El Alconzal
El Alconzal, mémoire vive d’un hameau oublié
Situé à une vingtaine de kilomètres de Jaganta, El Alconzal repose en silence sur le versant d’un petit ravin, enveloppé par la végétation et l’oubli. Pourtant, derrière les murs effondrés et les toits mangés par le temps, la vie palpite encore, portée par la voix d’un homme : Eusebio Carcelero.

À notre arrivée, Eusebio et sa femme Josefa Asensio, derniers habitants de ce hameau isolé, nous accueillent avec une chaleur simple, dans la première maison encore debout d’El Alconzal. Il y a dans le regard d’Eusebio un éclat, une fierté mêlée de mélancolie. Il nous raconte “sa” massada, comme on appelait autrefois ces petits hameaux agricoles autonomes, organisés autour du labeur, de la solidarité et d’une profonde connaissance de la terre.

« Ici, on vivait de peu, mais on avait tout », dit-il, les yeux tournés vers la colline.
Dans les souvenirs d’Eusebio, El Alconzal renaît. Des jardins potagers bordaient les maisons, chacun cultivait de l’orge, du blé, des olives, de la vigne. Le mouton était le roi des bêtes, mais l’on élevait aussi des porcs, des poules, des lapins. Tout servait, rien ne se perdait. Le travail était rude, mais les saisons rythmaient une vie pleine de sens.
Pour les services essentiels, on dépendait de Las Planas de Castellote, plus central : la messe y était célébrée chaque dimanche, les enfants y suivaient l’école. Le médecin et le vétérinaire, eux, venaient de Santolea – un village aujourd’hui disparu sous les eaux du réservoir.
« On faisait tout à pied ou à dos d’âne… Le facteur venait de Las Planas, on y portait les olives à la coopérative, et quand le four communal chauffait, on faisait le pain pour plusieurs jours ».
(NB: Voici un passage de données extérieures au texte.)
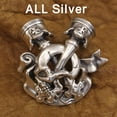 thumbnail image 2 of 925 Sterling Silver Skull Engine Pendant Biker Punk Jewelry TA322 ALL Silver Version, 2 of 4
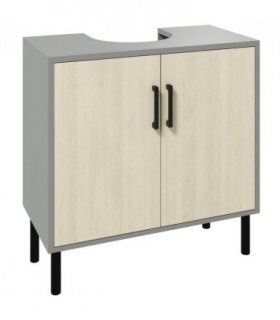 Bathroom Sink Cabinet Natural Wood Finish 60L x 30W x 60H cm Particle Board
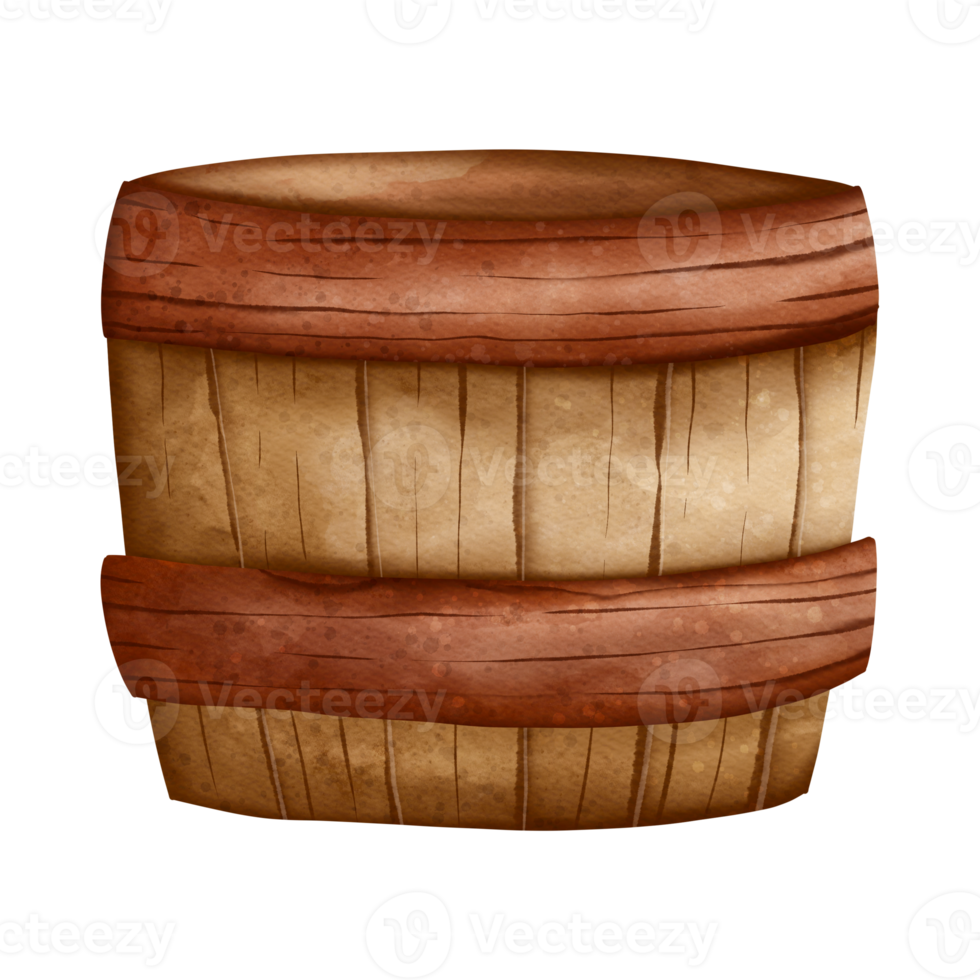 Wooden barrel, Watercolor illustration png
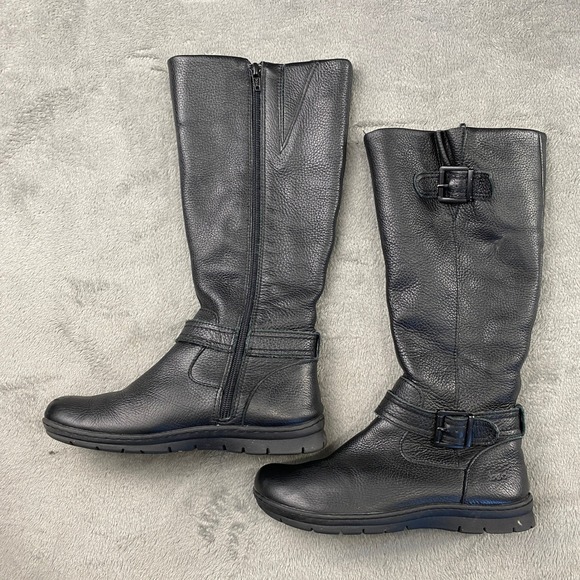 b.o.c. Tall Riding Boots Womens 6.5 Black Leather Z58503 Buckle Zip Equestrian - Picture 2 of 13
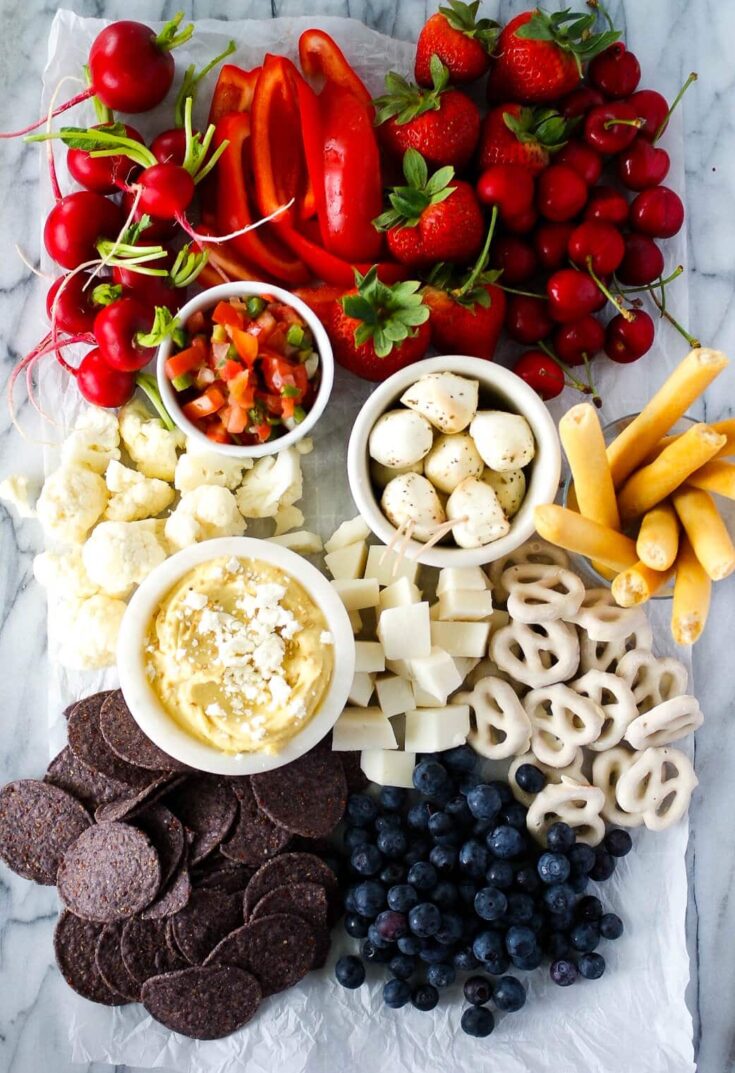 Image for Red, White and Blue Food Cheese Board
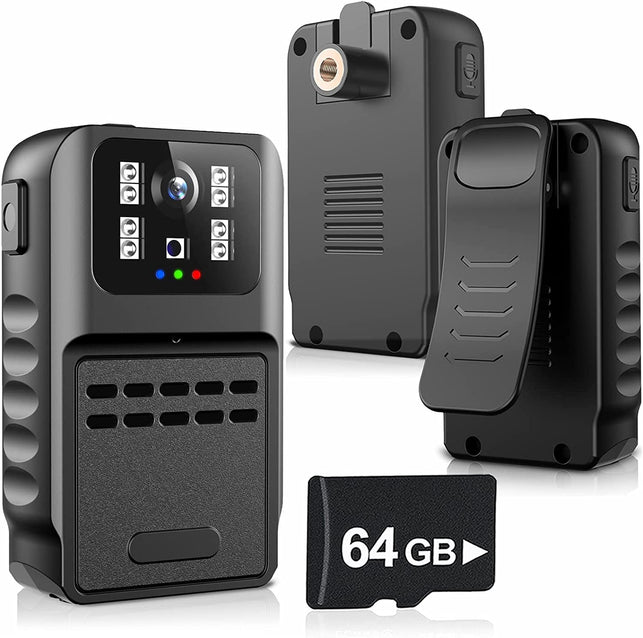 Mini Body Camera Video Recorder 1290×1080HD 64GB Memory Card Waterproof Body Cam with Auto Night Vision and Audio Sound Police Cams Wearable Portable for Home, Outdoor, Law Enforcement, Security Guard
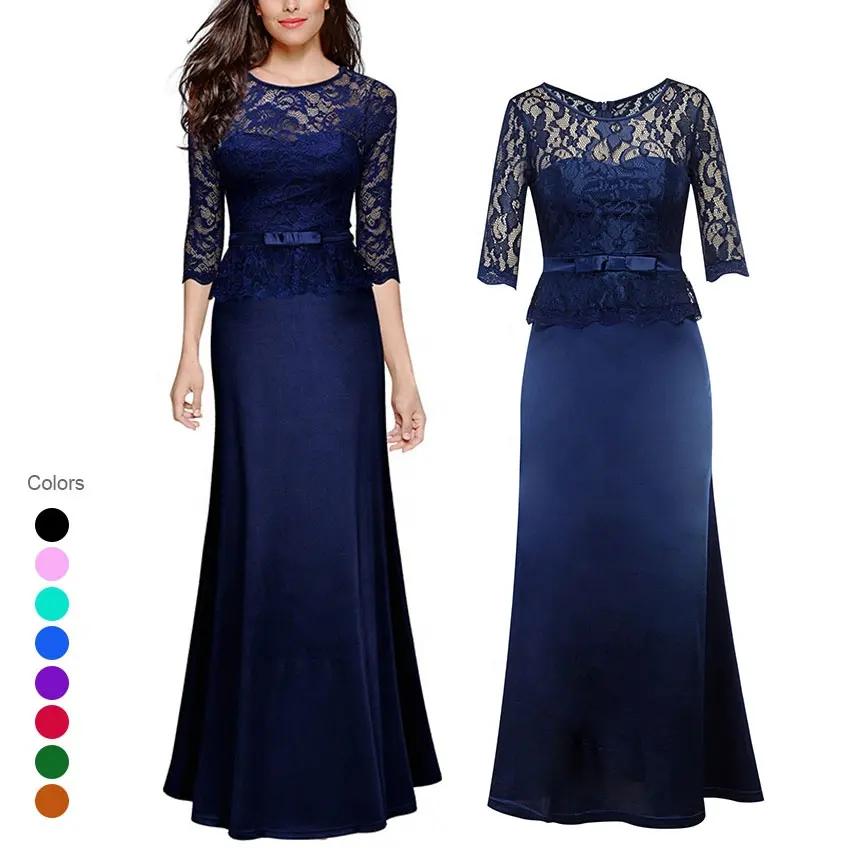 Custom Wholesale 2021 Blue Lace Princess Long Dresses Formal Bridesmaid Luxury Evening Party Dress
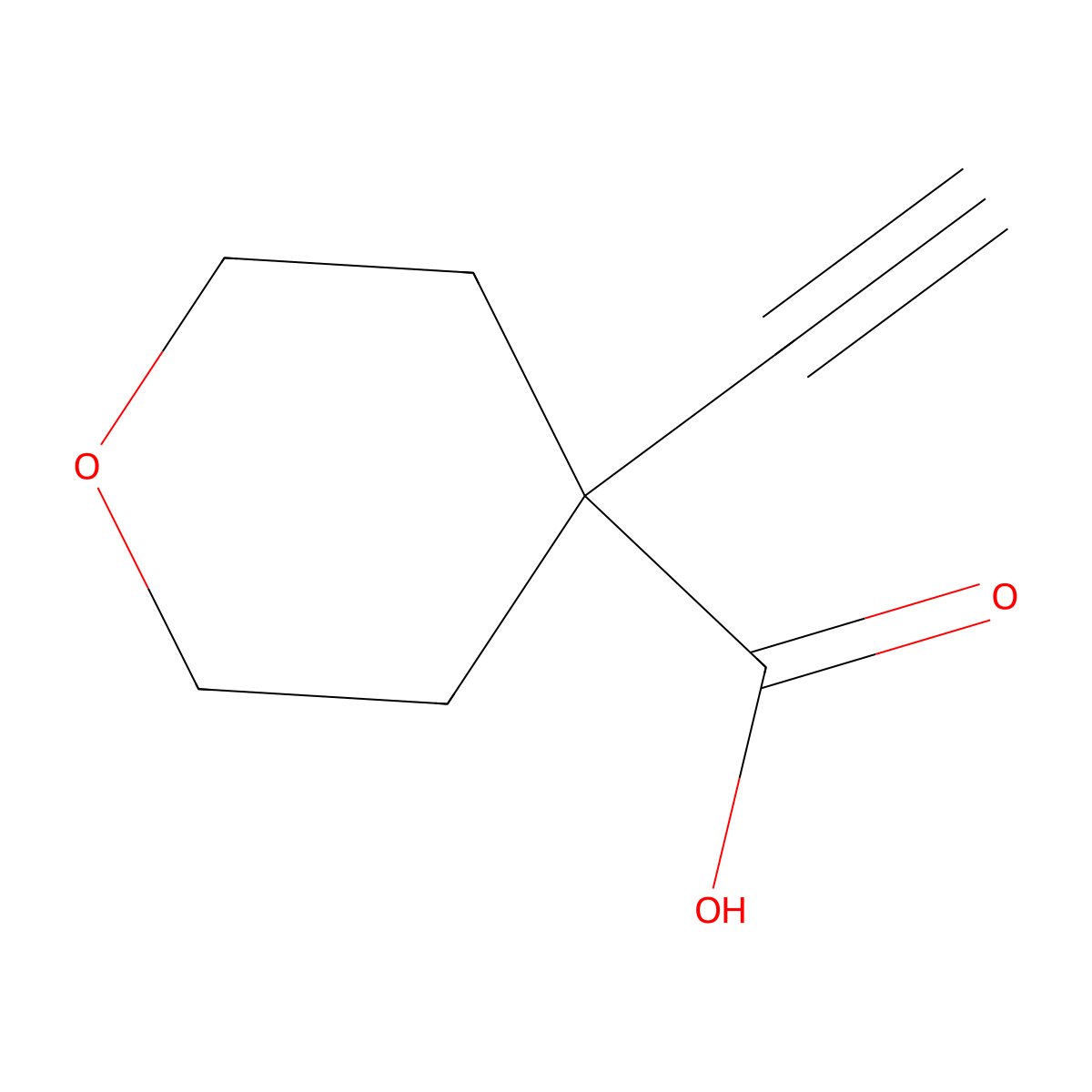 4-Ethynyltetrahydro-2H-pyran-4-carboxylic acid molecular structure, CAS 2167622-62-8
La vie sociale d’El Alconzal n’était pas en reste. Les femmes se retrouvaient à la maison de la Tía Carmen, les enfants jouaient sur la petite place, et lors des fêtes, on sortait les bancs, les guitares, le vin fait maison. Les vendeurs ambulants, eux, apportaient tissus, ustensiles, ou sucreries en échange de légumes, d’huile ou de pain. Le pressoir à raisin, communal, servait à faire le vin de l’année. On ne manquait de rien, sinon de temps pour se reposer.
Mais petit à petit, le vent a tourné. L’exode rural a commencé. Les jeunes sont partis. Les maisons se sont vidées, les bêtes ont disparu. En 2009, Eusebio et Josefa ont quitté El Alconzal pour s’installer à Castellote, mettant fin à plus d’un siècle d’occupation humaine ininterrompue.
Aujourd’hui, El Alconzal murmure son histoire à qui veut bien l’écouter. Il suffit d’y monter, de croiser le regard d’Eusebio, et de laisser la mémoire faire son œuvre. Il est des lieux qui ne meurent pas tant qu’un cœur bat pour eux.